GIVEN MATERIAL:
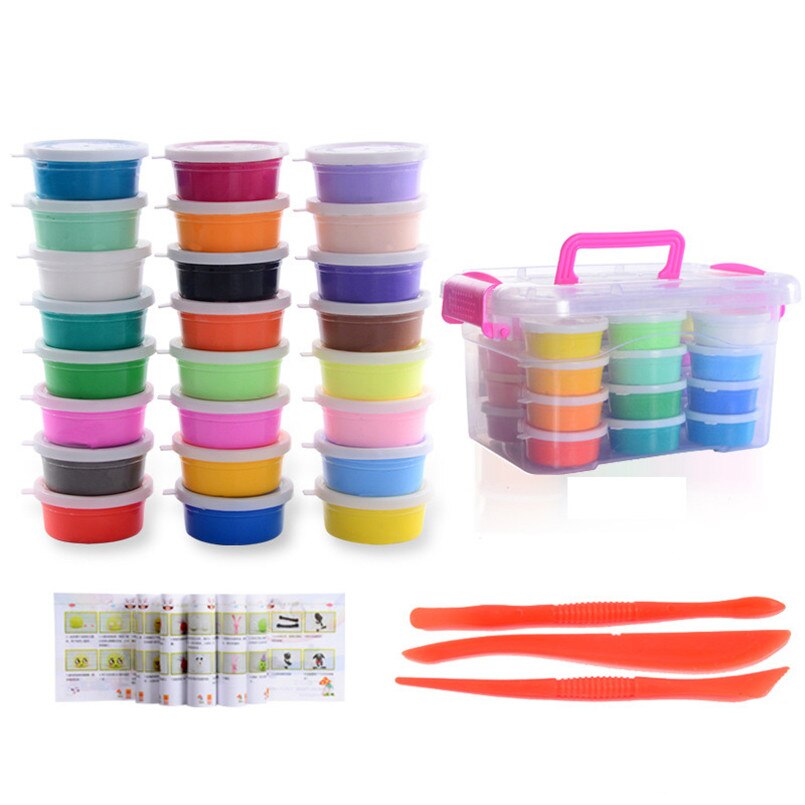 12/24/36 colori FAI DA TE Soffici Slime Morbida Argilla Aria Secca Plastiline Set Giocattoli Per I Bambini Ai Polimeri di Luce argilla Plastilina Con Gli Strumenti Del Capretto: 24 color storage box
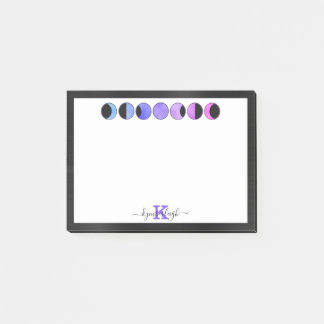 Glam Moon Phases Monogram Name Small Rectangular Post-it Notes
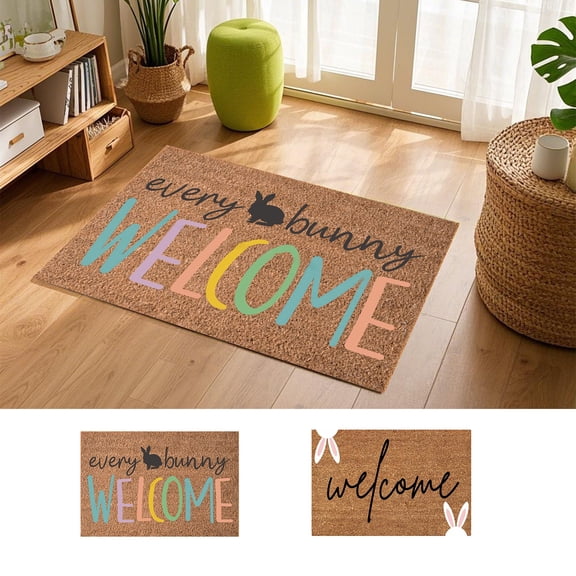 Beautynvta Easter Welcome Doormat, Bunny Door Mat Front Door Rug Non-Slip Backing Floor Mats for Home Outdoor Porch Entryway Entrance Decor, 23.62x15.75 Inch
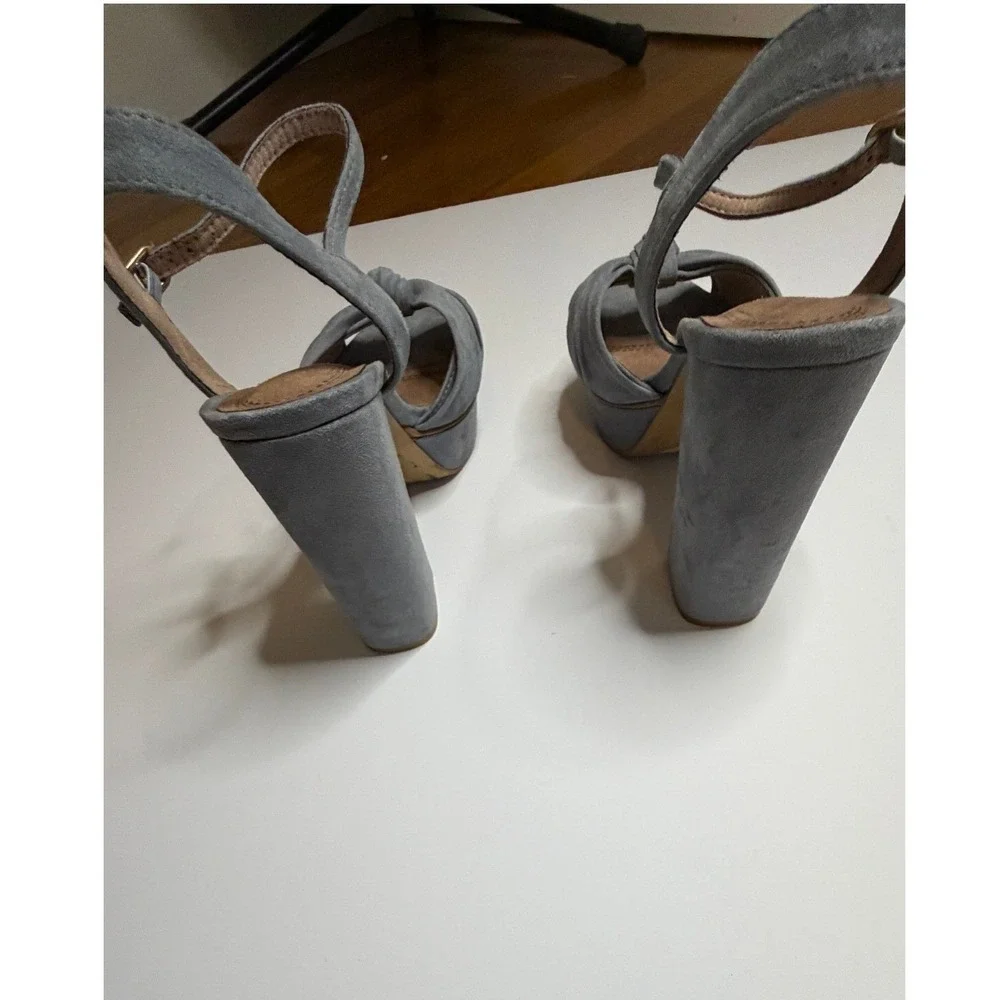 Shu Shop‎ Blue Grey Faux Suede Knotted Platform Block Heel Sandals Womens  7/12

WHAT YOU NEED TO DO: Copy the listing above in full and exactly, but omit each picture that it holds.

WRITTEN REPLY:
 12/24/36 colori FAI DA TE Soffici Slime Morbida Argilla Aria Secca Plastiline Set Giocattoli Per I Bambini Ai Polimeri di Luce argilla Plastilina Con Gli Strumenti Del Capretto: 24 color storage box
 Glam Moon Phases Monogram Name Small Rectangular Post-it Notes
 Beautynvta Easter Welcome Doormat, Bunny Door Mat Front Door Rug Non-Slip Backing Floor Mats for Home Outdoor Porch Entryway Entrance Decor, 23.62x15.75 Inch
 Shu Shop‎ Blue Grey Faux Suede Knotted Platform Block Heel Sandals Womens  7/12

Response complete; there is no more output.